Start of Block

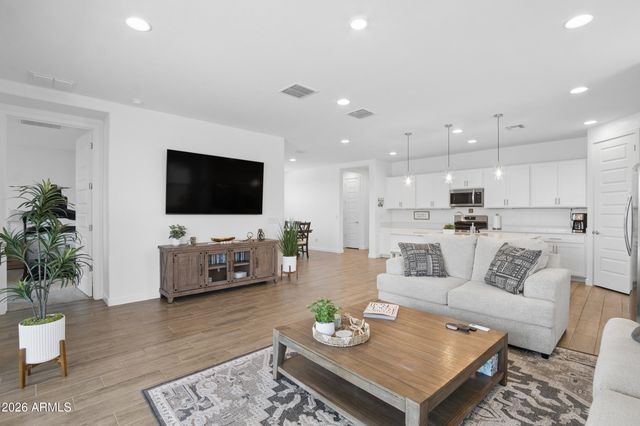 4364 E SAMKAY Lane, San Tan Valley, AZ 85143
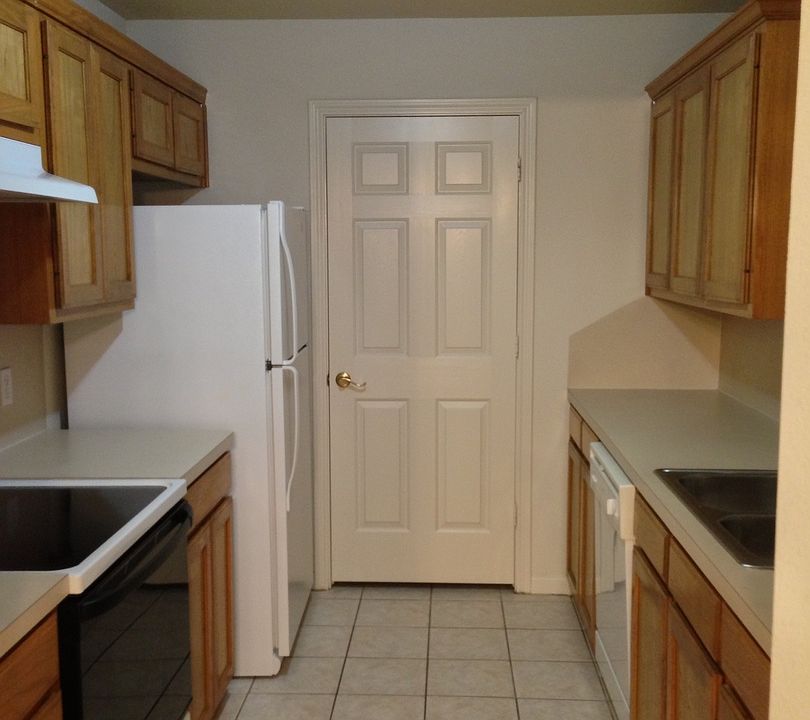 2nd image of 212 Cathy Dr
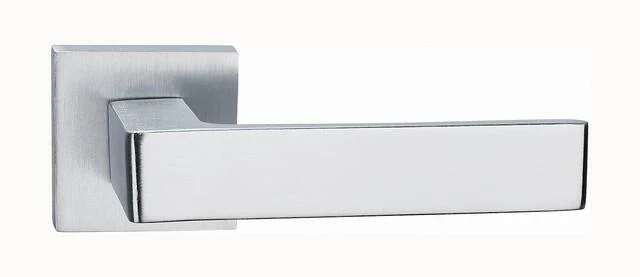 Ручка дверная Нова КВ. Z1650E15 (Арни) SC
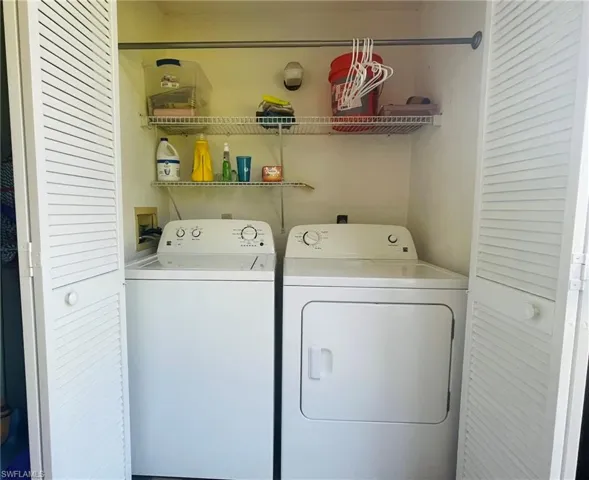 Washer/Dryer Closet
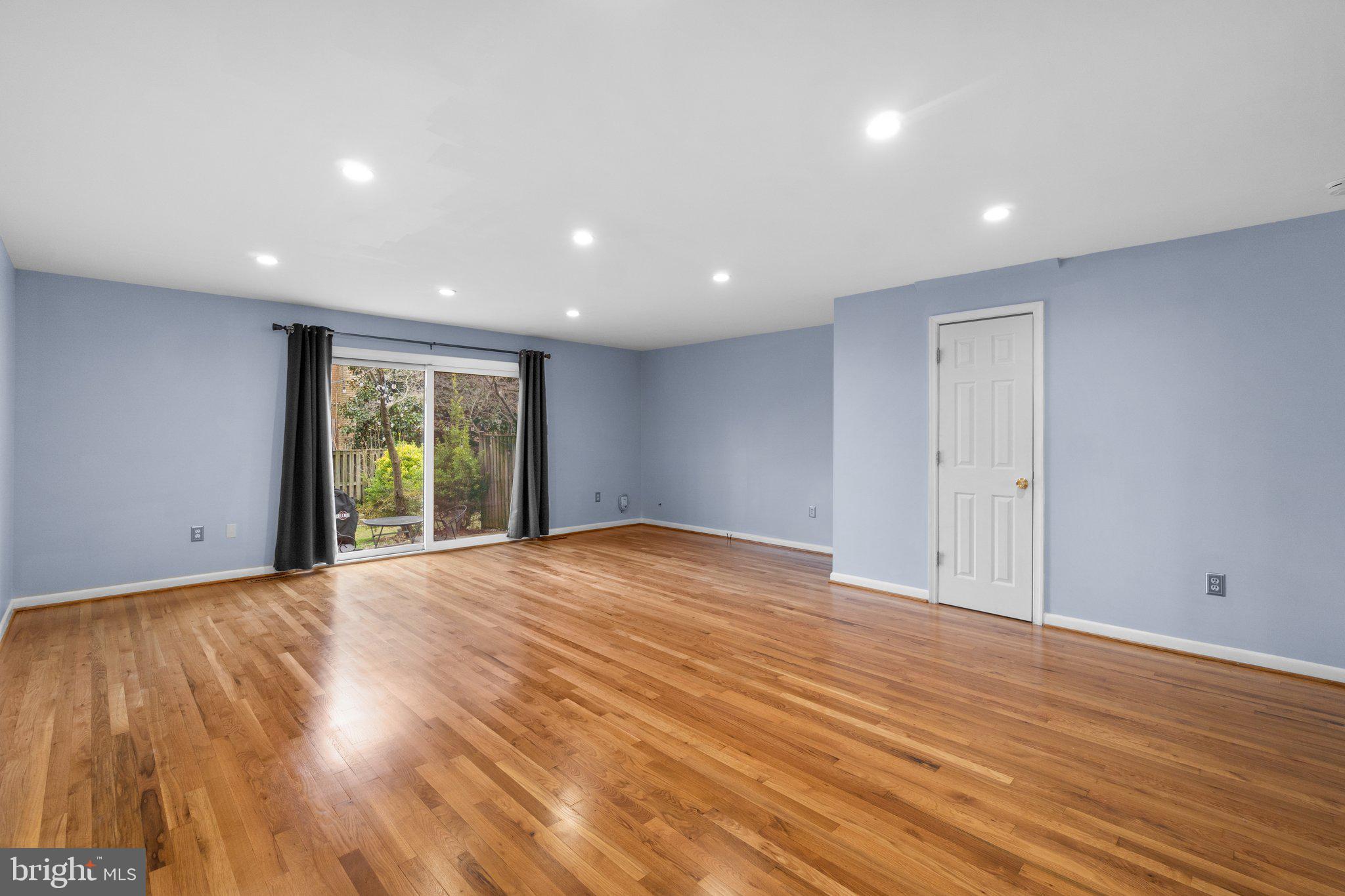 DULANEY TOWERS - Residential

End of Block

Give the records above again verbatim, pictures omitted.

 4364 E SAMKAY Lane, San Tan Valley, AZ 85143
 2nd image of 212 Cathy Dr
 Ручка дверная Нова КВ. Z1650E15 (Арни) SC
 Washer/Dryer Closet
 DULANEY TOWERS - Residential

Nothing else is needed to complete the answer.